武士道セブンティーン!!
はは、と笑ったあたしをじっと見て、黙っていた永倉。
やがてその笑みをあたしが消した時、静かに口を開いた。
「じいさんは?」
「え?」
「じいさんはどうだったんだ?お前の決断に。何も言わなかったのか」
そんなことが気になったのか、と思った。
一瞬何聞かれたか分かんなかったし。
少しだけ、おかしかった。
「じいちゃんには、殴られてすごい怒鳴られました。
怪我したことにも、手術をやめると言ったことにも」
「…………」
「酷くないですか?まだ包帯も取れてない時にですよ。
わりといつでも怒鳴ってる人ですけど、あんな勢いで怒鳴られたのは、後にも先にもあの時だけです」
殴られて、ベッドから落ちたくらいだ。
どんなけ激しく殴ったんだって感じだ。
ぶっちゃけアレはトラウマになってる。
「…………お前のじいさんは、すごい人だな」
「……ん?話聞いてました?」
「聞いてたよ。
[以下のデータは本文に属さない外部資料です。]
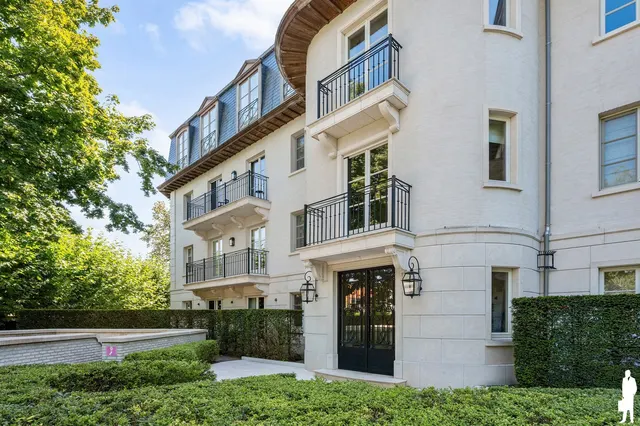 Apartment for sale in Brasschaat – 1/10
だから言ってんだろーが」
「おかしいですね。孫に手ェ上げるような人ですけど」
「それは、愛情の裏返しって言うんだよ。
お前のこと思ってるから殴ったんだろ」
「…………」
「普通、そんなひどい怪我負ったあとの奴に、ましてや孫に、怒鳴ったり手ぇ上げたり出来ねぇだろ。
それでも引かないで、それをやった。何でかって、お前に分かって欲しかったからだ」
「…………」
「お前に諦めないで欲しかったんだろ。逃げないで、向き合って欲しかったんだ。じゃなかったら殴らねぇだろ」
孫が可愛くねぇじいさんなんていないだろうからな。
永倉はそう言って、ごろりと縁側に寝そべった。
ゆらゆらと短い癖のある前髪が揺らめいている。
夜空を見上げるその顔を見つめて、あたしはじいちゃんを久しぶりに思い出した。